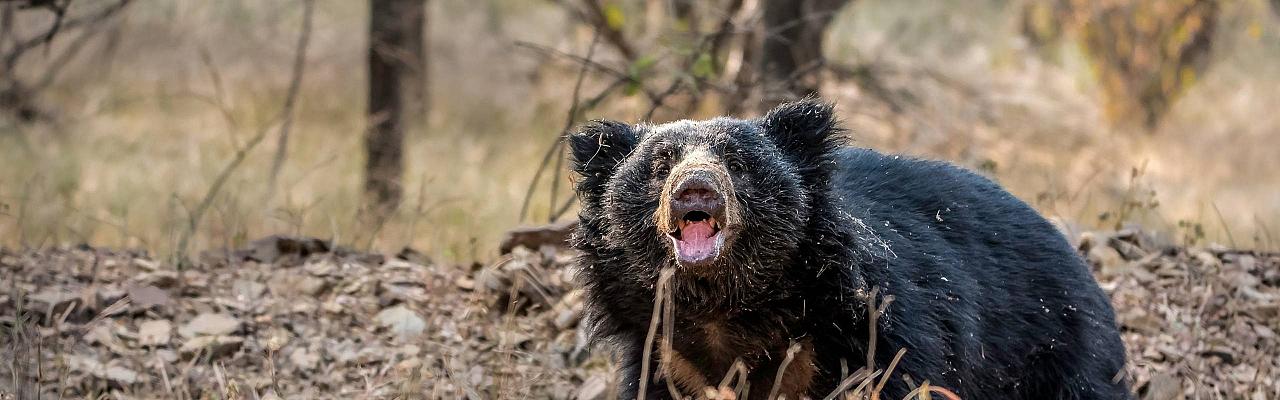 Sloth Bear, India Nature Tour, India Wildlife Tour, India Wildlife Safari, Naturalist Journeys Birding and Nature tour to Southern India Western Ghats and Nagarhole National Park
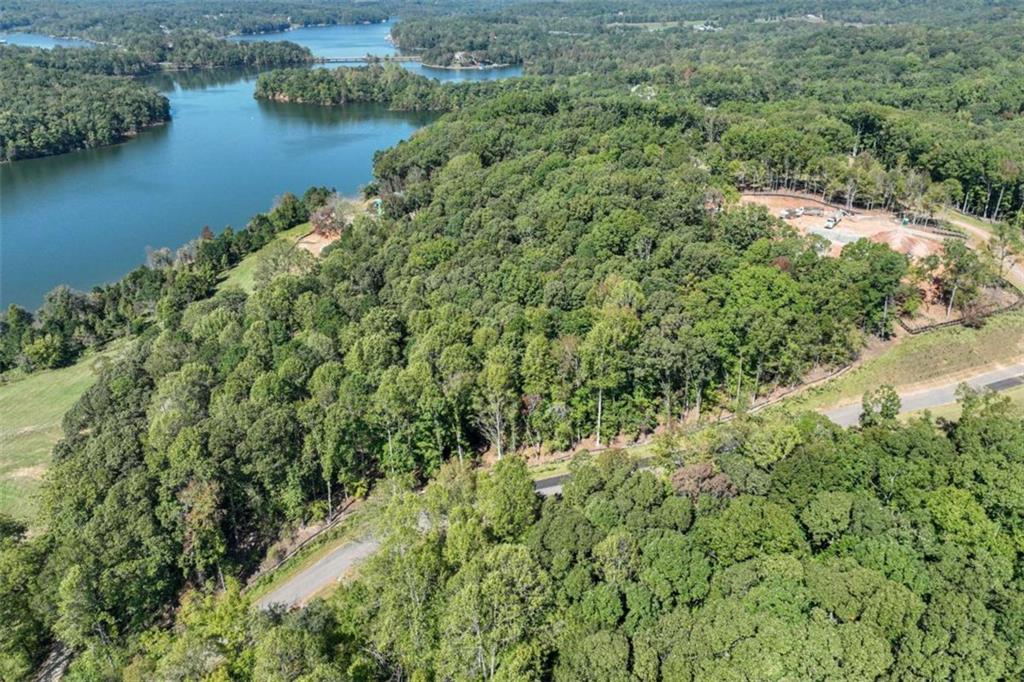 4540 Shirley Road Gainesville, GA 30506 - Photo 20 of 21 an aerial view of residential houses with outdoor space and trees all around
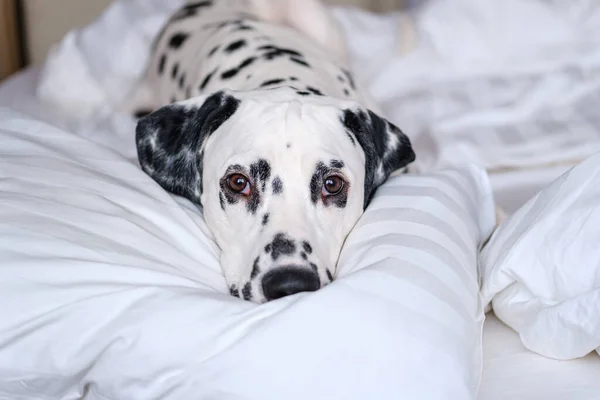 Dalmaçyalı köpek beyaz yatakta uzanıp kameraya bakıyor. Beyaz ve siyah benekli Dalmaçyalı köpek beyaz koltukta poz veriyor..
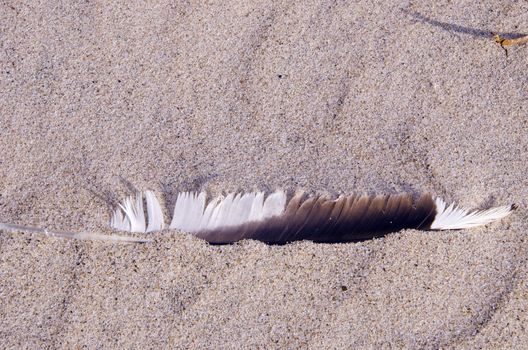 Bird quill in the sand. Natural sea view. Seaside details.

▶ **WHAT TO WORK ON**: Reprint the listing above exactly, without images.

▶ **SOLUTION TO THIS TASK**:
 Sloth Bear, India Nature Tour, India Wildlife Tour, India Wildlife Safari, Naturalist Journeys Birding and Nature tour to Southern India Western Ghats and Nagarhole National Park
 4540 Shirley Road Gainesville, GA 30506 - Photo 20 of 21 an aerial view of residential houses with outdoor space and trees all around
 Dalmaçyalı köpek beyaz yatakta uzanıp kameraya bakıyor. Beyaz ve siyah benekli Dalmaçyalı köpek beyaz koltukta poz veriyor..
 Bird quill in the sand. Natural sea view. Seaside details.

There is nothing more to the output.